Would you please repeat exactly the entries below, starting at the line with "Used Ford Kuga" and ending at the line with "Basic v-neck t-shirt", and nothing outside that range? Leave out the pictures.

Data extract>
^^^^
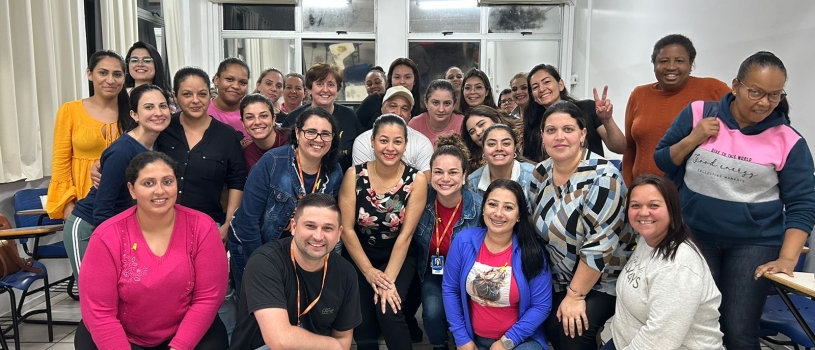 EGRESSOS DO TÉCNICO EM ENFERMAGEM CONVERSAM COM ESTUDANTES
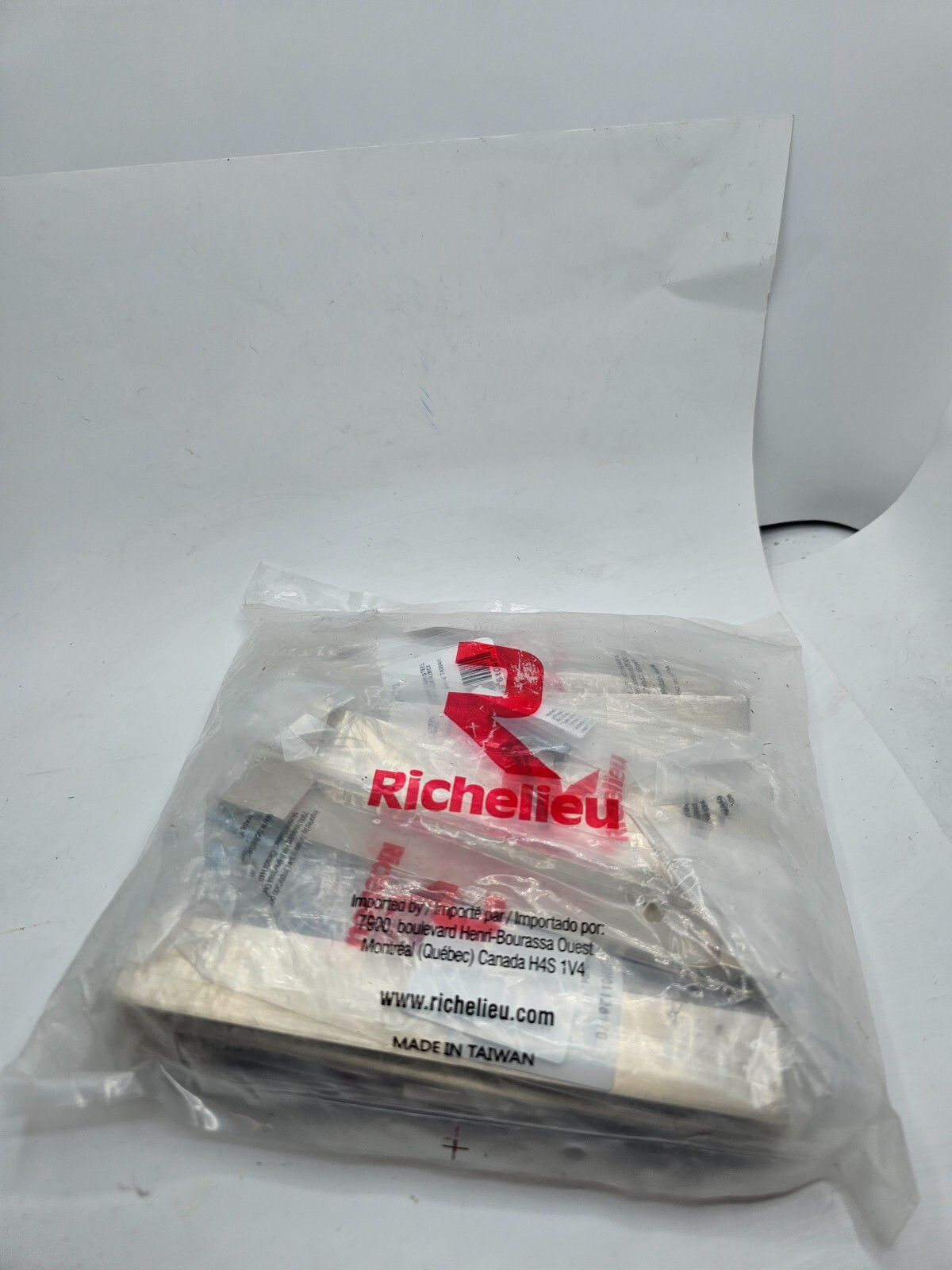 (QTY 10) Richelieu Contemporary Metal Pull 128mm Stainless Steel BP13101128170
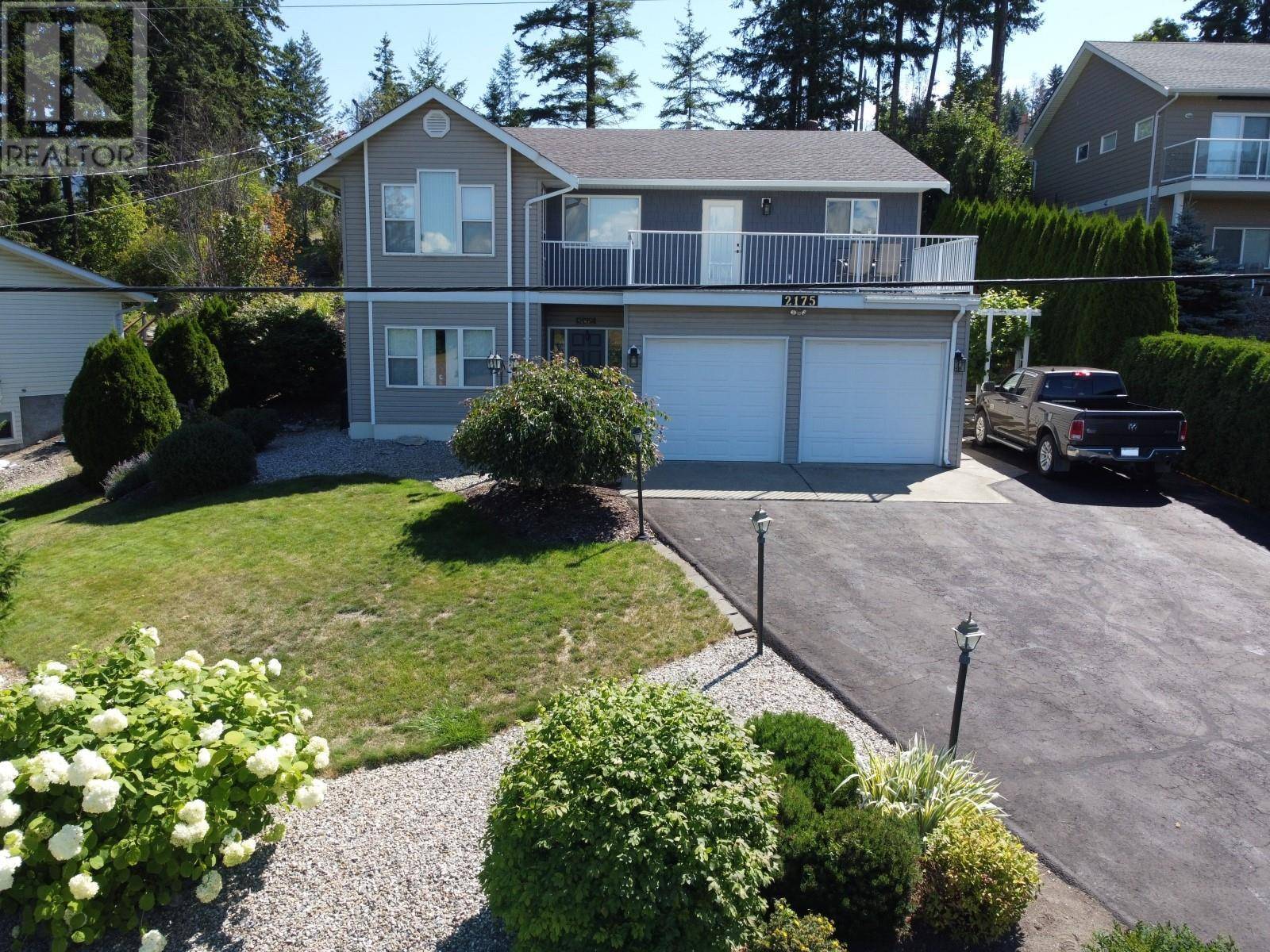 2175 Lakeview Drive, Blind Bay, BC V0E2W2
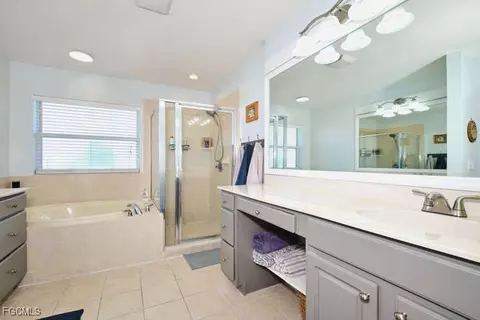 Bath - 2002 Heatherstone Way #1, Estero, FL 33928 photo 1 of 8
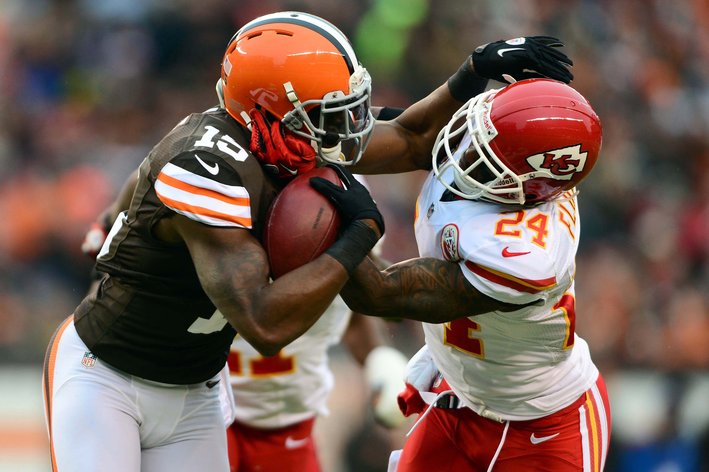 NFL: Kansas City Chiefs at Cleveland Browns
^^^^
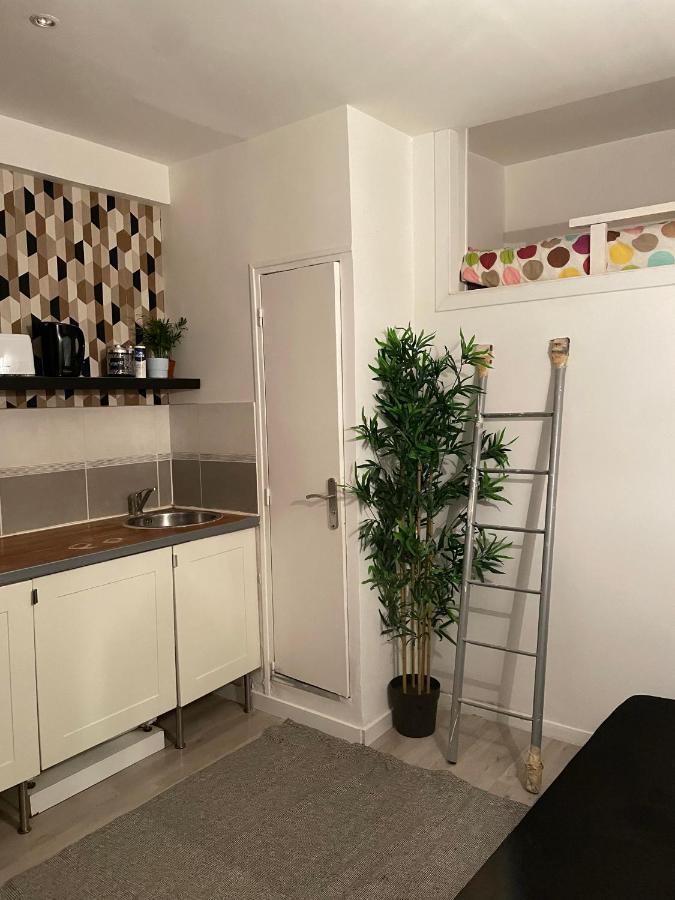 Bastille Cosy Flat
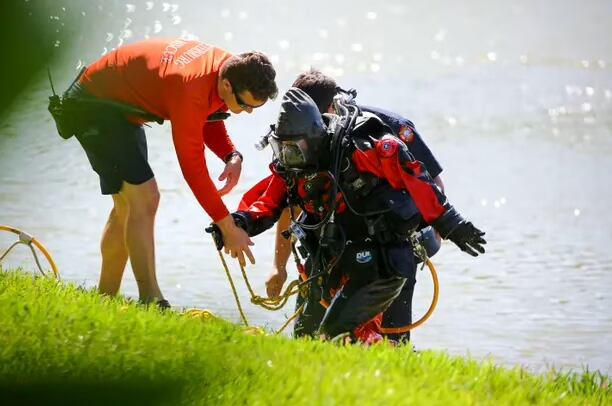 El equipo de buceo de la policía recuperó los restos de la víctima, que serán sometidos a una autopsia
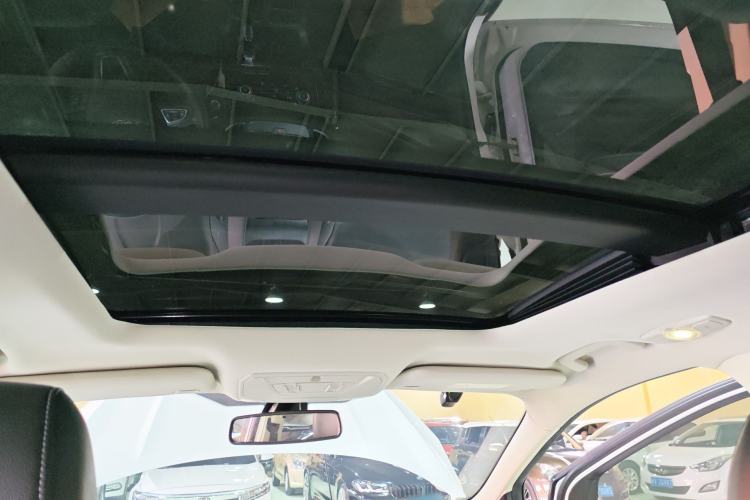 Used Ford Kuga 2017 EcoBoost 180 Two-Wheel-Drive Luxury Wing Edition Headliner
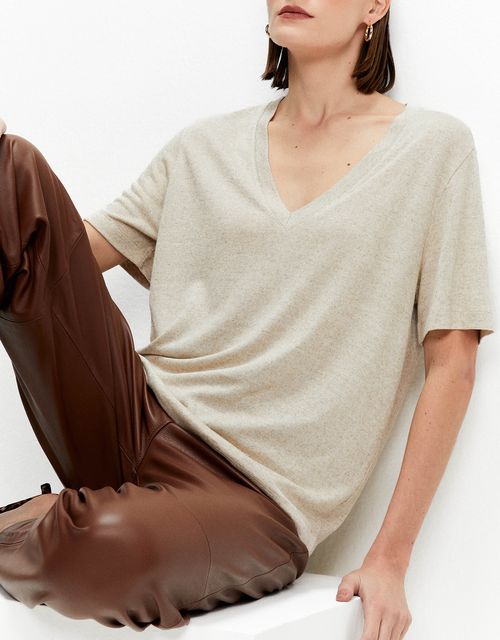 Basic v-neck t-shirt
^^^^
Solution for this problem>
 Used Ford Kuga 2017 EcoBoost 180 Two-Wheel-Drive Luxury Wing Edition Headliner
 Basic v-neck t-shirt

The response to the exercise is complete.